I think this will cover a use case I mentioned in another thread,where it is not possible to add an agreeing id (to the new cid and without disgareement with some specific IDs compatible with th cid which are already present) if your I’d will be one of those to tip an observation from one branch of the tree of life to another.
https://forum.inaturalist.org/t/offer-the-ability-to-choose-whether-to-hard-disagree-or-not-to-the-next-finest-level-that-the-current-identifications-support-when-one-disagrees-with-the-current-community-id/3921/7
I think the separation will accomplish what @pisum wants, in allowing people to choose what they agree and disgaree with. The prompt might include an interactive phylogeny, including all current IDs, as is provided in the example txt here, and this will remove the concern where people have to know the taxonomy already. The current status quo on obs and IDs is to know the taxonomy and I’d, or get the computer / computer vision to provide it by messing with the compare and suggestions tabs and filters.
@pisum’s comments about leading disagreements make a lot of sense:
i think you’re making it too complicated. all you need to do is make observation taxon = community taxon.
We changed how the Observation Taxon works so that in most cases it matches the Community Taxon, the exceptions are in an update to the blog post that I copied below.
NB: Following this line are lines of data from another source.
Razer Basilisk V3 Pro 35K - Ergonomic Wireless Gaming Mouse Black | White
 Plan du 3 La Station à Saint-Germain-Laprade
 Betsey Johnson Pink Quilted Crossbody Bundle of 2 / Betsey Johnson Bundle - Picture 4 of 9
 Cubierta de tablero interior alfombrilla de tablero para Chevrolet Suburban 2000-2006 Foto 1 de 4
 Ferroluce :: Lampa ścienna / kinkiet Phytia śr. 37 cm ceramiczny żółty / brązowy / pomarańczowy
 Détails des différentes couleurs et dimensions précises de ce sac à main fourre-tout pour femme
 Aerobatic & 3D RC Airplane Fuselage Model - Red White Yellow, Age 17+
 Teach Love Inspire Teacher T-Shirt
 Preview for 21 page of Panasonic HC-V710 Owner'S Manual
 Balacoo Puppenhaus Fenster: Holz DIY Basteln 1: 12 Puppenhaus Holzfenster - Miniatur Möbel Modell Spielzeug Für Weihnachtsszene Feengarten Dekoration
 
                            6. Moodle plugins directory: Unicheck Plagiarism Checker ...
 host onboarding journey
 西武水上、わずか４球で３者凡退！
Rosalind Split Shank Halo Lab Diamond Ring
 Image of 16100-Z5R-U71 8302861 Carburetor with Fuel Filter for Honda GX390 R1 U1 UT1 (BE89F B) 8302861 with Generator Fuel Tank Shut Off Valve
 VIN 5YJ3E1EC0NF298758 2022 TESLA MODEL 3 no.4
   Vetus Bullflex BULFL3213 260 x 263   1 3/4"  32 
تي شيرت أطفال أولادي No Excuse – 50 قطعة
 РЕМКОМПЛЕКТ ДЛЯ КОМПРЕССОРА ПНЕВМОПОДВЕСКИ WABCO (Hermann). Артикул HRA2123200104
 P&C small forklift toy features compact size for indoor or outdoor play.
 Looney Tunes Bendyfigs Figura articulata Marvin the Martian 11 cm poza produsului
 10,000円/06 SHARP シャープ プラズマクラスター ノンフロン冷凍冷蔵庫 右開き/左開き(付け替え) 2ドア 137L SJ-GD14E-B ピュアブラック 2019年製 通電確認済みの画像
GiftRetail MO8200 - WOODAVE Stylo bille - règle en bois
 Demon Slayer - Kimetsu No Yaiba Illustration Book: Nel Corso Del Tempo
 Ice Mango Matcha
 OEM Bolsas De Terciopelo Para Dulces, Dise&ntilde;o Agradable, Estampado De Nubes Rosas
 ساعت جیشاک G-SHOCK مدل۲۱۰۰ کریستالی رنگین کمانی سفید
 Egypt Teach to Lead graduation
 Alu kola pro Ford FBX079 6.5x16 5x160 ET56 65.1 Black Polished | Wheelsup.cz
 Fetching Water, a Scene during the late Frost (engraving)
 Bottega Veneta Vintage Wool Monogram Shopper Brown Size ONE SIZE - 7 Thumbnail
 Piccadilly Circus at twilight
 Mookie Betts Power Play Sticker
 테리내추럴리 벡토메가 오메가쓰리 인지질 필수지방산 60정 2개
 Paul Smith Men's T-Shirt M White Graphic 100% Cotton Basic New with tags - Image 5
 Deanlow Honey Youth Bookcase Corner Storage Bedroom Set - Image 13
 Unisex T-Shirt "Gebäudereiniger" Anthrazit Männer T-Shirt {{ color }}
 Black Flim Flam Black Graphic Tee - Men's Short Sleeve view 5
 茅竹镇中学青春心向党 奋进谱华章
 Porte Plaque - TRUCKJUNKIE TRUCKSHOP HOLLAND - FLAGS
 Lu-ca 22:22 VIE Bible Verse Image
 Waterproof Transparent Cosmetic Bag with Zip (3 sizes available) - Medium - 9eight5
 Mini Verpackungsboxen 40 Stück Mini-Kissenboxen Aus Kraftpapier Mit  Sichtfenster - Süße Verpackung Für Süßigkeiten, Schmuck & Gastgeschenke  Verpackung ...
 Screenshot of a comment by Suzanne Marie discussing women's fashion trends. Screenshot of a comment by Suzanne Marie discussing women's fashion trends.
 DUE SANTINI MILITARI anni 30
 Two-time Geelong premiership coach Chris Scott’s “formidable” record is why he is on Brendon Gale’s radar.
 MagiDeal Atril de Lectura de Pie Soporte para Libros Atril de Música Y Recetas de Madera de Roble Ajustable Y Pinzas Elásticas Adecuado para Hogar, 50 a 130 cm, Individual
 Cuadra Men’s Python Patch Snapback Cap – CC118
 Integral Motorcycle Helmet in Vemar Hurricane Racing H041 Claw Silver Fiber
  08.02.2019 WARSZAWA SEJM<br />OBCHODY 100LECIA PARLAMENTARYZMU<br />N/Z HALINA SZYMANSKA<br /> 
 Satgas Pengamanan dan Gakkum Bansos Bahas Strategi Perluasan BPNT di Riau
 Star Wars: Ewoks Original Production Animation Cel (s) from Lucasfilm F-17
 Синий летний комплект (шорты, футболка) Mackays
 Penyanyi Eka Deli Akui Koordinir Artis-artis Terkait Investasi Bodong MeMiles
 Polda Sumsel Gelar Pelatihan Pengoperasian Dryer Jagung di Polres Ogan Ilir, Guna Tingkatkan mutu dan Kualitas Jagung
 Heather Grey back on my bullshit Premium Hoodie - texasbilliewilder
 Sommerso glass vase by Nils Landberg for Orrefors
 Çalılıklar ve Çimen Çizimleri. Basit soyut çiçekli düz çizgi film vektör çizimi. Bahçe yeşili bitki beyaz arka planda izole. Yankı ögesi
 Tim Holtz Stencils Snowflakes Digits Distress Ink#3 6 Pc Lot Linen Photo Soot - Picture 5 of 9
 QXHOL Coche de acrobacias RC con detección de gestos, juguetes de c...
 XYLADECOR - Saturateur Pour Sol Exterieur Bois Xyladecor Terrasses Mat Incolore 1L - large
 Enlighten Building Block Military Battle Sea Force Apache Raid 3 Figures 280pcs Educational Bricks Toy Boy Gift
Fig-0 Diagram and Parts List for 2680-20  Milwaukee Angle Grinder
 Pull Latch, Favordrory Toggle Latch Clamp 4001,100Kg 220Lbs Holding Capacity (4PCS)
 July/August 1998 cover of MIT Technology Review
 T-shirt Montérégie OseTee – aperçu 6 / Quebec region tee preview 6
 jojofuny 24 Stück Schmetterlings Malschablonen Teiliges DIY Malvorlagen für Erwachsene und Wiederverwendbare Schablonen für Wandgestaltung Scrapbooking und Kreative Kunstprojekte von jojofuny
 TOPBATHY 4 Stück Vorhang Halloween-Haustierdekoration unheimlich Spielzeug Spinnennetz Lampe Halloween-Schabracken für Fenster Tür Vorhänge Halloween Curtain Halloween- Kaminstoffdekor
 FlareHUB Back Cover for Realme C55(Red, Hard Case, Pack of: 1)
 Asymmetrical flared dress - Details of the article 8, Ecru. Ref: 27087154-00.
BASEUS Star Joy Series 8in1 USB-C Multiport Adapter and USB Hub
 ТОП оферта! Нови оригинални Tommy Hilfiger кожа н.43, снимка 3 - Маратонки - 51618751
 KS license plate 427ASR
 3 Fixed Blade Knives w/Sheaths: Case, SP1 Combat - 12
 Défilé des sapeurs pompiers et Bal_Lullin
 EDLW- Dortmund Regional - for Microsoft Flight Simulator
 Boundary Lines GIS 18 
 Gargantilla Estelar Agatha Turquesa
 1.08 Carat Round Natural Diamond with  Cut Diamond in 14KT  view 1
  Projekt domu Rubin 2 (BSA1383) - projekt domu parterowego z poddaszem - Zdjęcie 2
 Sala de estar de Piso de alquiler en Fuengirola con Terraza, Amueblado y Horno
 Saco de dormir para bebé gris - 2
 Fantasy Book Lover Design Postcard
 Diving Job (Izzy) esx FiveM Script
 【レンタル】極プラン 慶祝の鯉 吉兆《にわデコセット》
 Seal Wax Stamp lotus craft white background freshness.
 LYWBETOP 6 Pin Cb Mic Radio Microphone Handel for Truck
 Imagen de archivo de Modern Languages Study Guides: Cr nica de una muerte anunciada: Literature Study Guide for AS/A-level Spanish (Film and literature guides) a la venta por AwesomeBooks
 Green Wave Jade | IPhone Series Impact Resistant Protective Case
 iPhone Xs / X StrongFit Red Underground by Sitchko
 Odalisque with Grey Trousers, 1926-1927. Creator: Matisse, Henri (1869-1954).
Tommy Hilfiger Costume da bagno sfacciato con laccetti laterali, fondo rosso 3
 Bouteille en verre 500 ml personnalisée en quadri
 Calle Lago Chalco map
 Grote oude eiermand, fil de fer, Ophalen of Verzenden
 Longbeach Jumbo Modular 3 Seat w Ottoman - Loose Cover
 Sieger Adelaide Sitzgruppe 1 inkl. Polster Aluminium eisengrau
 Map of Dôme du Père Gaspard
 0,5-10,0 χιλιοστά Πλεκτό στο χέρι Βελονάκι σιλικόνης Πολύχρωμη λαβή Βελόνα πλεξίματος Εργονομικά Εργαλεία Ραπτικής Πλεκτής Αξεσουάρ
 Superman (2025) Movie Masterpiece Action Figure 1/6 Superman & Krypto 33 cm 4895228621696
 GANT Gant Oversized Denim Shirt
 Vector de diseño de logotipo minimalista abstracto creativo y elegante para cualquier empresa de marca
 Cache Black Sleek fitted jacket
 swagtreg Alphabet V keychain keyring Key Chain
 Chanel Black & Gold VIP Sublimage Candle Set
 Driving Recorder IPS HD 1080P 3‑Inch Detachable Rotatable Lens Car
While the idea of making it so people can arbitrarily set the branch they are disagreeing with and also disagree with any identification is interesting and certainly something we could do down the road, it does introduce a lot of complexity. I think pisum is right that with this tweak to the Observation Taxon, our existing simpler plans for dealing with ancestor disagreement problems will be a good first step. And we should hold off on the ‘can of worms’ for now
In contrast, the Observation Taxon will always match the Community Taxon unless:
a) there is just a single identification, then the Observation Taxon will be defined by that identification
b) the observer opts out of the Community Taxon, then the Observation Taxon will be defined by the observers identification
c) there are no disagreements and there is an identifications of descendants of the Community Taxon, then the Observation Taxon will be defined by the finest such identification (because the community likes that a single non-controversial identification being able to ‘move the ball forward’)**if that finest identification is of infra-species rank (eg subspecies), the Observation Taxon won’t roll forward to that rank from the Community Taxon if that identification was added later (because the community doesn’t like what would be Research Grade observations at species rank being rolled forward to Needs ID observations at infra-species rank). However, if the Observation Taxon was initially set at infra-species rank from a single identification, a non-disagreeing identification of an ancestor won’t roll the Observation Taxon back to the Community Taxon.
given the new wording, does the leading disagreement diagram from the blog post still make sense?
wow great catch - fixed. Thanks for all your help with this
you’re welcome. i think we’re in agreement now on how it makes sense for leading disagreement to work.
What happened to branch disagree?
re: branch disagreements, the only change from the original proposal in the blog post that we’re planning is changing the wording to
“Yes, we can’t be certain beyond [ID node]” instead of
“Yes, I don’t think we can be certain beyond [ID node]”
“Experts” are part of the community and have as much right as anyone to decide that the photo can’t be ID’d.